Sounding rockets, simulations advance understanding of complex environments

By Miles T. Bengtson|December 2021

The Atmospheric and Space Environments Technical Committee encourages the exchange of information about the interactions between aerospace systems and their surroundings.

In May, the U.S. Air Force Research Laboratory concluded operation of the Demonstration and Science Experiments, or DSX, satellite mission. The spacecraft conducted 1,300 experiments to study the space environment in medium-Earth orbit. Satellites in this orbital regime encounter high-energy charged particles that are confined in the Earth’s magnetic field. These energetic particles can damage and degrade spacecraft components, so scientists are seeking to learn more about their behavior and how to design satellites that can better withstand the radiation hazard. In addition to naturally occurring radiation, a nuclear device detonated at a high altitude could create a radiation hazard in Earth’s orbit that could harm space-based assets. DSX conducted experiments using very low frequency radio waves that can interact with energetic particles and remove them from the space environment. The mission produced a trove of data on charged particles and how to remediate both natural and artificial radiation hazards in space. The very low frequency antenna on DSX extended approximately the length of a football field, making DSX the largest self-supporting structure ever flown in space. The DSX mission began development in 2003, and operations began in 2019 when the spacecraft launched from Cape Canaveral Space Force Station in Florida.

Two suborbital sounding rockets that were launched from NASA’s Wallops Flight Facility in Virginia released vapor material into the sky as part of space environments experiments. Both experiments generated brightly colored clouds that were visible to many on the East Coast. The Air Force Research Laboratory, in partnership with the Space and Missile Systems Center and NASA, flew the first sounding rocket in March. The payload released material that generated pink clouds at more than 160 kilometers to study the ionosphere. In May, NASA launched a sounding rocket payload from the University of Alaska Fairbanks to study how energy and momentum are transported through regions of the Earth’s magnetic field. The experiment, named KiNet-X, released barium vapors that were ionized by the sunlight and formed green and violet clouds. Scientists used observations of the clouds along with instruments on the sounding rocket to investigate how electrons in space are energized by the magnetic field. This mission is helping answer long-standing questions about how low-energy electrons from the near-Earth space environment are accelerated to the high energies found in regions like the aurora.
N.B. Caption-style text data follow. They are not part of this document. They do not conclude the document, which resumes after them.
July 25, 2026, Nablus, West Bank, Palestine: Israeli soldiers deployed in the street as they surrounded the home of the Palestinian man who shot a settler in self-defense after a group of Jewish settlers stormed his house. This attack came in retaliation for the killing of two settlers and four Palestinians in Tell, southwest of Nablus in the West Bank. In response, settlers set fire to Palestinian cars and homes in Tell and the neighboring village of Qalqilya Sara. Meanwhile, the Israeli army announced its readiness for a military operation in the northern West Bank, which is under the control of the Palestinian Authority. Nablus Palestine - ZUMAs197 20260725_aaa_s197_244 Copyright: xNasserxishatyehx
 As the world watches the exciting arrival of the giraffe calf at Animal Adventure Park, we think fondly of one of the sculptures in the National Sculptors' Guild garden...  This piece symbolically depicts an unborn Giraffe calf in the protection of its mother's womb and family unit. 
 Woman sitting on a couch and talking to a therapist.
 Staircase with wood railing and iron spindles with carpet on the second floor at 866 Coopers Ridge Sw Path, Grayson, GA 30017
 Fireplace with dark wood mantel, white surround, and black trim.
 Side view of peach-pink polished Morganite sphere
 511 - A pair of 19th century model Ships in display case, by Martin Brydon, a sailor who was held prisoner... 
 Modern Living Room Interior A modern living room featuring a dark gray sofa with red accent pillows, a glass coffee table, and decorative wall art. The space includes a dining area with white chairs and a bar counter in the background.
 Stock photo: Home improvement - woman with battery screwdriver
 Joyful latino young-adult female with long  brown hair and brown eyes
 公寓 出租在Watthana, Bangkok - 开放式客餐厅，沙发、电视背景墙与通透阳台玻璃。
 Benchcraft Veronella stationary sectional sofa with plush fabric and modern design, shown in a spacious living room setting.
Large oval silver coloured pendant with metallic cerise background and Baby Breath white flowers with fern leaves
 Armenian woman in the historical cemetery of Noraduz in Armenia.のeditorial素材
Aircraft icing researchers conducted a communitywide computer modeling campaign to assess simulation capabilities and establish future best practices. The campaign culminated at AIAA’s first Ice Prediction Workshop, held virtually in July. In-flight icing is a safety consideration for design and certification of aircraft, and engineers require accurate computer simulation tools to reduce testing and design cycle times. Twenty-one participants representing businesses, research organizations and academia executed their icing codes against a set of defined test conditions, allowing direct comparison with each other and experimental results. By comparing results, scientists determined which specific models led to discrepancies in ice shape prediction. This endeavor, the first in 20 years,
illuminated both technical achievements and future needs in icing simulation.

Contributor: Andy P. Broeren